AIM OF THE TASK: Once the line containing "Stylish 1930s semi-detached" is found in the entries below, restate it and each following line word for word, stopping after the line containing "Dewey Town Hat".

[Items listed in a dataset]
▼▼▼

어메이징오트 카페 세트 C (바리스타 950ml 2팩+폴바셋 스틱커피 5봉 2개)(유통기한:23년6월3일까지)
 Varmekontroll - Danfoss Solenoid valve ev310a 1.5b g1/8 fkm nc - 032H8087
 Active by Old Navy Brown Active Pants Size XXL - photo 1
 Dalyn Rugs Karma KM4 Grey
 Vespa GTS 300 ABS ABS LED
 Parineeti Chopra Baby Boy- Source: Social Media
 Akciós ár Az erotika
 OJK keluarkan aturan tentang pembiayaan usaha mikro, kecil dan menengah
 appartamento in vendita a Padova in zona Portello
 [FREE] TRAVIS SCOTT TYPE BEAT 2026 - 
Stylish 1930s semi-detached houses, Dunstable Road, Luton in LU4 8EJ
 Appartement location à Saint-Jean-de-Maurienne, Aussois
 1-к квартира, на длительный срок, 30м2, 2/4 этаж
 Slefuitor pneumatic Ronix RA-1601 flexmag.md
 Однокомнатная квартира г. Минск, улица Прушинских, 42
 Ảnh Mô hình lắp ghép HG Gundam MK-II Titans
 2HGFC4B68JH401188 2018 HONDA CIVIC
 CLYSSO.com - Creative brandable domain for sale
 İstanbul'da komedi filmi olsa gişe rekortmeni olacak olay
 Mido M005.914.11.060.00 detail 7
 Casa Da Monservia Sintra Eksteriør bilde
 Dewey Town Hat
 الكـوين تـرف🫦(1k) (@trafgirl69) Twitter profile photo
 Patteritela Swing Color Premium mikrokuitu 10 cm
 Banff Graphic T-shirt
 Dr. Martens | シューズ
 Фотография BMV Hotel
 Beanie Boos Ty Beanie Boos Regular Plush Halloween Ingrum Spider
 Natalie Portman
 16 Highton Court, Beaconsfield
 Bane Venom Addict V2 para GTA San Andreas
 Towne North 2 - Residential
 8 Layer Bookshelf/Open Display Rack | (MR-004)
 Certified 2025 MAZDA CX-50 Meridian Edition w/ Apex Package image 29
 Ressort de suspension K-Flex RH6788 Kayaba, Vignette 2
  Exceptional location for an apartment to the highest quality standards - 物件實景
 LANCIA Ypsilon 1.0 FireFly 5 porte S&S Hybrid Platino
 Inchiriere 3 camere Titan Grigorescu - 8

▲▲▲

WRITTEN SOLUTION:
Stylish 1930s semi-detached houses, Dunstable Road, Luton in LU4 8EJ
 Appartement location à Saint-Jean-de-Maurienne, Aussois
 1-к квартира, на длительный срок, 30м2, 2/4 этаж
 Slefuitor pneumatic Ronix RA-1601 flexmag.md
 Однокомнатная квартира г. Минск, улица Прушинских, 42
 Ảnh Mô hình lắp ghép HG Gundam MK-II Titans
 2HGFC4B68JH401188 2018 HONDA CIVIC
 CLYSSO.com - Creative brandable domain for sale
 İstanbul'da komedi filmi olsa gişe rekortmeni olacak olay
 Mido M005.914.11.060.00 detail 7
 Casa Da Monservia Sintra Eksteriør bilde
 Dewey Town Hat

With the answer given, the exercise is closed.